Alternative Financing

Lease/purchase agreements:
Borrowers can lock in the price of a house today and postpone financing for 12 to 18 months with these agreements. The borrower gives the seller a deposit which is applied to the purchase and makes monthly rental payments. Lease/purchase agreements are used by sellers who want to keep a home occupied and receive rental money after they've moved out, and by buyers who are not in a position to commit to a property at a particular time.

Installment contract:
Buyers and sellers work out a contract which states a down payment, interest rate and term. Some contracts have long terms; others are short-term with balloon payments. Regulations about title transfer in a contract sale vary from state to state.

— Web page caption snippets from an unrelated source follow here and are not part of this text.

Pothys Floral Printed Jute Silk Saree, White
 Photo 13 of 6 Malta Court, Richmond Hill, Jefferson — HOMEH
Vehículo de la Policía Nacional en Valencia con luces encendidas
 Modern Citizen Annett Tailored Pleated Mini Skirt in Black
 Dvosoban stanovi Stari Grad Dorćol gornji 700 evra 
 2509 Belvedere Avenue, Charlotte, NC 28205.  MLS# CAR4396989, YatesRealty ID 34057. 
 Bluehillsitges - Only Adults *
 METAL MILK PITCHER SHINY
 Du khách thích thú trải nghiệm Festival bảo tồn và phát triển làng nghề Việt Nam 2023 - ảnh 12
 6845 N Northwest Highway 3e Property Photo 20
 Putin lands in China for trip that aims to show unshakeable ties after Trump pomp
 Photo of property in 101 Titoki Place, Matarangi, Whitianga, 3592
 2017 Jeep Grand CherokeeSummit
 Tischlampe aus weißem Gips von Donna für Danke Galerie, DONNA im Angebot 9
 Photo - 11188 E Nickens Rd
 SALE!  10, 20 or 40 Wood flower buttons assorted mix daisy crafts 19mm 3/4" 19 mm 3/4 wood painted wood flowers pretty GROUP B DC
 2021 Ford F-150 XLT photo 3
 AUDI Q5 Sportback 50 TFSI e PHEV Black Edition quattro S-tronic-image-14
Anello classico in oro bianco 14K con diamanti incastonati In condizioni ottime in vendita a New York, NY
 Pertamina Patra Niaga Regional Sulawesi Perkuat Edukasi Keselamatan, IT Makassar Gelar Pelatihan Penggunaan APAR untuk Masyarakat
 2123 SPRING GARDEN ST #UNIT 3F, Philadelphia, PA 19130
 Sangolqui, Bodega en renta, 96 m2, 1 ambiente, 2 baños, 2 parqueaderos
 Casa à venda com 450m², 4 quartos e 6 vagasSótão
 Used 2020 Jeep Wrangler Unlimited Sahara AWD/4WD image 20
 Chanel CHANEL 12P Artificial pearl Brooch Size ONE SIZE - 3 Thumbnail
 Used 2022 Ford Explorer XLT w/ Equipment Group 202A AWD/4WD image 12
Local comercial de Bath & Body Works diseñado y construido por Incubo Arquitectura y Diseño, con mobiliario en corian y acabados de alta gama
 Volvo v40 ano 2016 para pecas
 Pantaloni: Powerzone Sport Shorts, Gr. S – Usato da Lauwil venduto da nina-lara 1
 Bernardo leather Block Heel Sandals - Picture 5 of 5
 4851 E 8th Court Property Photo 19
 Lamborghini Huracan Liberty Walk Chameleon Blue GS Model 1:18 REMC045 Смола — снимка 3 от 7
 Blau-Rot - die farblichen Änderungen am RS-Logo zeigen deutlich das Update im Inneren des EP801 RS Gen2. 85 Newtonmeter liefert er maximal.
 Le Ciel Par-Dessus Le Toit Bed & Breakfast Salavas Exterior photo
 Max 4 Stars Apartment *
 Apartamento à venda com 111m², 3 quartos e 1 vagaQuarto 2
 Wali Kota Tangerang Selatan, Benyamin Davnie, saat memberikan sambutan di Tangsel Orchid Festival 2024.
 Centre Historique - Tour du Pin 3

First mortgages from relatives or others:
Sometimes relatives or private investors will purchase a home outright then offer a borrower a first mortgage. The terms are worked out to the mutual satisfaction of both parties.

Note: The Internal Revenue Service will impute higher rates on the lender for loans arranged below market rates.

Second mortgages:
These are used when a borrower needs additional financing to buy a home. This mortgage may be financed by the seller, another lender, relative or investor, and terms are negotiated between buyer and lender. Often, second mortgages are used when a borrower assumes a guaranteed first mortgage with a lower interest rate and needs to make up the difference between the loan and the sale price.

Equity financing:
An equity plan allows buyers to buy new homes by borrowing against a portion of the equity in their present home. A six-month "bridge" is secured on which no monthly payments are required and that money is used to purchase the new home. When the present home sells, the loan is paid off with the proceeds of the sale. If the home doesn't sell within six months, the owner may renew the loan or choose from other "back-up" options.